Even now I could read Dickens in ebook form, if I wanted, but I don't. Nor do my children.

http://www.goodlibraryguide.com/blog/archives/2009/05/libraries_are_a_1.html

September 22, 2010

How often do we see public librarians, councillors, state officials, politicians and even ministers spouting off about e-books in the future of public libraries.

None of them are stars in the arithmetic class.

It only takes a few simple calculations to realise that if we were to hold the same range of books in public libraries as we do now to support that council public library book funds would have to be ten times the size they are now

And that is without buying ebook readers for the very hard up people for whom public libraries are a life line.

Nor is anyone hearing the voice of Booksellers - who just plain don't want public libraries to offer for nothing that out of which they try to make their living.

e books are not for public libraries. ... just now anyhow.

http://www.goodlibraryguide.com/blog/archives/2010/09/e_books_in_publ_1.html

 

 

Sunday, March 25, 2012

Sneering rattlesnakes

Oh dear. Our hero is back. He had gone, we thought, to seek his fortune in the United States of America. It was quiet, too damned quiet, Carruthers.

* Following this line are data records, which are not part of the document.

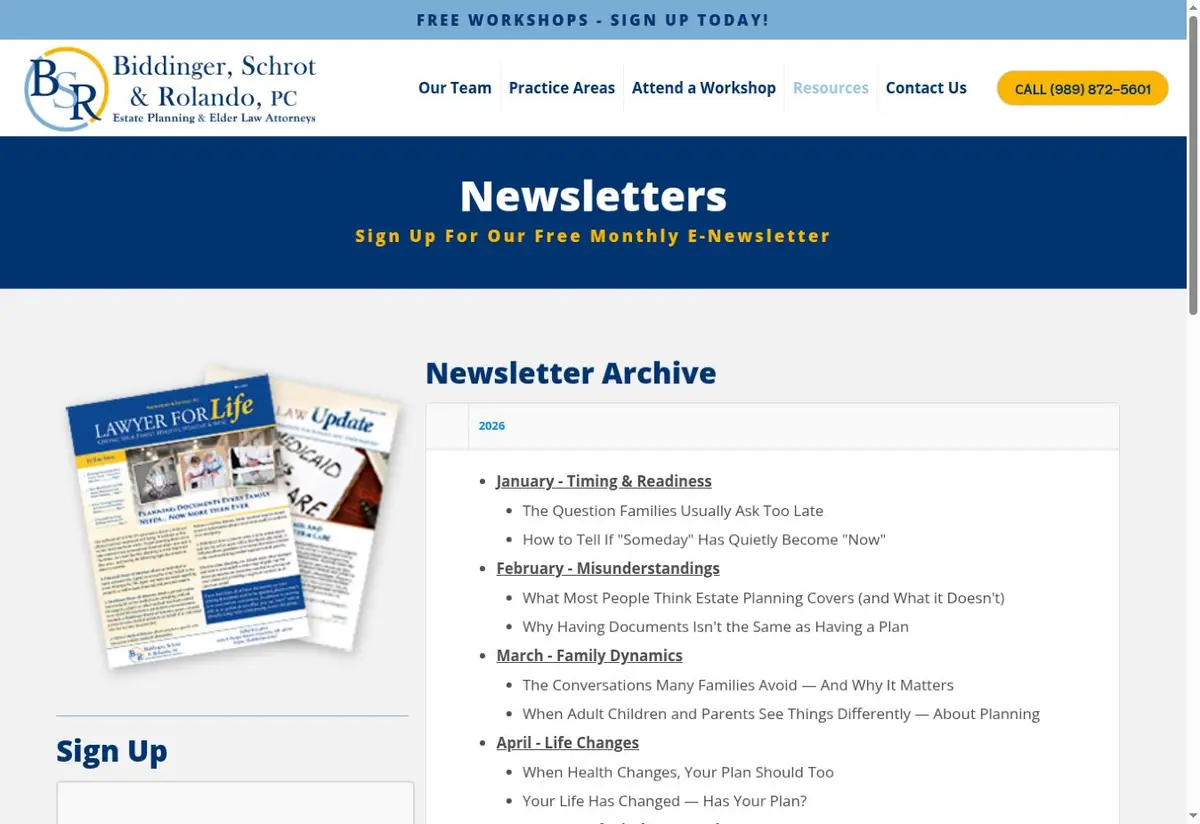 Public newsletter archive preview from Biddinger, Schrot & Rolando, PC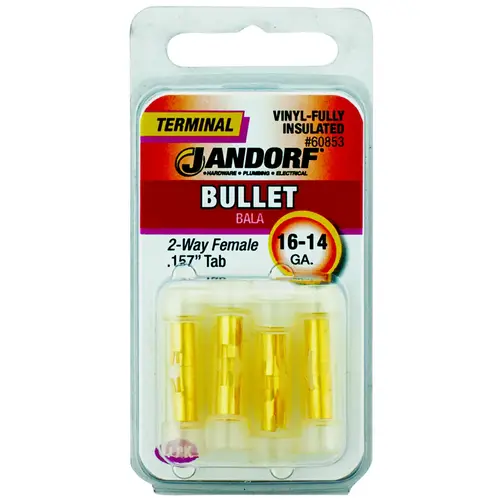 Bullet Adapter, 600 V, 16 to 14 AWG Wire, Vinyl Insulation, Copper Contact, Yellow - pack of 5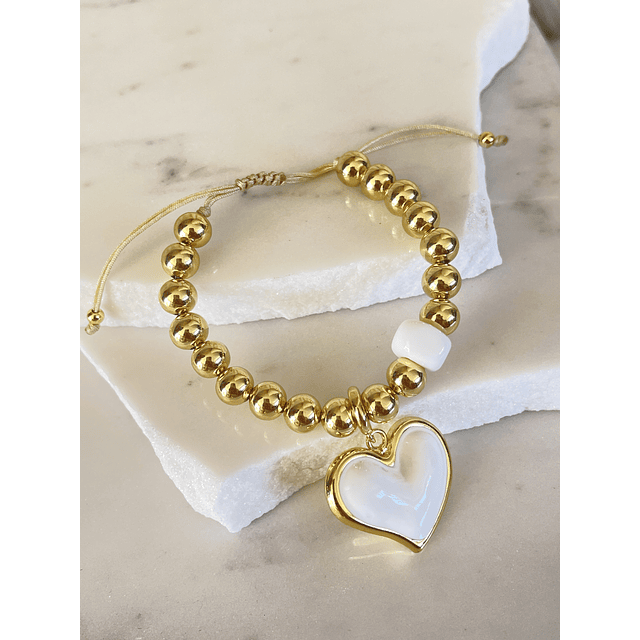 Pulsera Maxi Balines Corazón Blanco Gold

Then there was the announcement of his new e-book project. Was it Loganberry, Tayberry, Whortleberry?…no, it was Bilbrary with, we suspect, the accent on the bill. Conspicuous by his absence from such events as the recent lobby of parliament, the world's greatest living library campaigner suddenly returned to public debate with a curious proposition, that he would use some profits from his venture (that is, supposing there actually are any) to give money to library campaigns. This generosity was not received by a cruel cynical world in the spirit in which it was offered: American librarians wondered why profits made out of their e-book subscriptions were being sent abroad, when there are plenty of campaigns needing support at home, while British library campaigners, on reading the small print, saw that he intended the money, not to support campaigners in demanding that local councils and the DCMS fulfil their responsibility for the public library service, but to establish so-called community libraries, completely outside the public library system.

In a post that the ill-willed might describe as petulant, entitled the Library Campaign Police, he rails against his critics, saying, 'if you don't say what they want you to say, they sneer like rattlesnakes'. We're not sure how to sneer like a rattlesnake, but hope to acquire this useful skill, if our readers will enlighten us.

We had thought that the need for CoatesWatch had passed. It seems not. La lutte continue!